Reputation: 20831
So basically I am still pretty new to Python and I have a problem where I have a document in Japanese that I am trying to convert to a utf-8 encoded document. I don't really know what I should be getting in return when I do this. When i run the program I currently have, it just deletes everything and leaves me with a blank utf-8 encoded document. Here is what I have, any help is greatly appreciated.
EDIT: I'm sorry it was a typo, I fixed the original encoding. It is Shift-jis.
import codecs
codecs.open("rshmn10j.txt", 'r', encoding='shift-jis')
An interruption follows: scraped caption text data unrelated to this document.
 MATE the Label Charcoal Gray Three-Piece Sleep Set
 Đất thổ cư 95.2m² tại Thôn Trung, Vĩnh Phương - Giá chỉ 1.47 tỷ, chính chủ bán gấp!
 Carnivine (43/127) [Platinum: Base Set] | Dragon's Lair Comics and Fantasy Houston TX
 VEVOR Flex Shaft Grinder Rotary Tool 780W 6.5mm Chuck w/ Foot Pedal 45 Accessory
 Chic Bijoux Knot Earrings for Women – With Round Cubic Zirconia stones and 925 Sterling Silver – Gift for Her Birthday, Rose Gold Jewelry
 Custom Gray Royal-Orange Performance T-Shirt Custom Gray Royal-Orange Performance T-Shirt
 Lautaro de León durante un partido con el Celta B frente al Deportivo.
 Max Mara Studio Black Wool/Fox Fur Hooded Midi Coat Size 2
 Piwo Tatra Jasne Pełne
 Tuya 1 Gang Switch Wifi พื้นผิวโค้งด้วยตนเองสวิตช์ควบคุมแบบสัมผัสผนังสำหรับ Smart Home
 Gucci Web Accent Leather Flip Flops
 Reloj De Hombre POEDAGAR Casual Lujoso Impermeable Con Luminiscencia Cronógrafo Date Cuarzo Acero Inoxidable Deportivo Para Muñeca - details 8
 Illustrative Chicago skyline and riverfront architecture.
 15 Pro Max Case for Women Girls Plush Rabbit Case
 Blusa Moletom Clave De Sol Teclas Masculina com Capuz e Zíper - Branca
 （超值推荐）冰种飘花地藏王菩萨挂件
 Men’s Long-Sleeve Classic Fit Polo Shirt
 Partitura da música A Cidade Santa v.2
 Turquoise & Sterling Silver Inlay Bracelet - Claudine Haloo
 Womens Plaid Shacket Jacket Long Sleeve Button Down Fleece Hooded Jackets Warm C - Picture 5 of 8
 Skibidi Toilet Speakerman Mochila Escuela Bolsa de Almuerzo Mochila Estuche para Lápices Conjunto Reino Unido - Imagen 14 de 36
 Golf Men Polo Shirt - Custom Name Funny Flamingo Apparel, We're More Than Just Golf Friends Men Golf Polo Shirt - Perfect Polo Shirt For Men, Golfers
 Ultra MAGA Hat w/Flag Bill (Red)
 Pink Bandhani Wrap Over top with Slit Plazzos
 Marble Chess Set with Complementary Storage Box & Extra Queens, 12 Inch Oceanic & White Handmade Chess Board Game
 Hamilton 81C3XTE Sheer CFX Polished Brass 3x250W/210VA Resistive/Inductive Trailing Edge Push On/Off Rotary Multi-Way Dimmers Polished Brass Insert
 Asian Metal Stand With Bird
newfile = codecs.open("rshmn10j.txt", 'w', encoding='utf-8')
newfile.write(u'\ufeff')
newfile.close()
Upvotes: 0
Views: 447
Reputation: 43850
if you're trying to convert a document from encoding "x" to encoding "utf8", you first have to read the document using the encoding it is encoded in.
import codecs
original_document_encoding = "shift-jis" # common japanese encoding.
with codecs.open("rshmn10j.txt", 'r', encoding=original_document_encoding) as in_f:
unicode_content = in_f.read()
with codecs.open("rshmn10j.out.txt", 'w', encoding='utf-8') as out_f:
out_f.write(unicode_content)
with
is used here to auto-close the file when the block is exited.
Upvotes: 2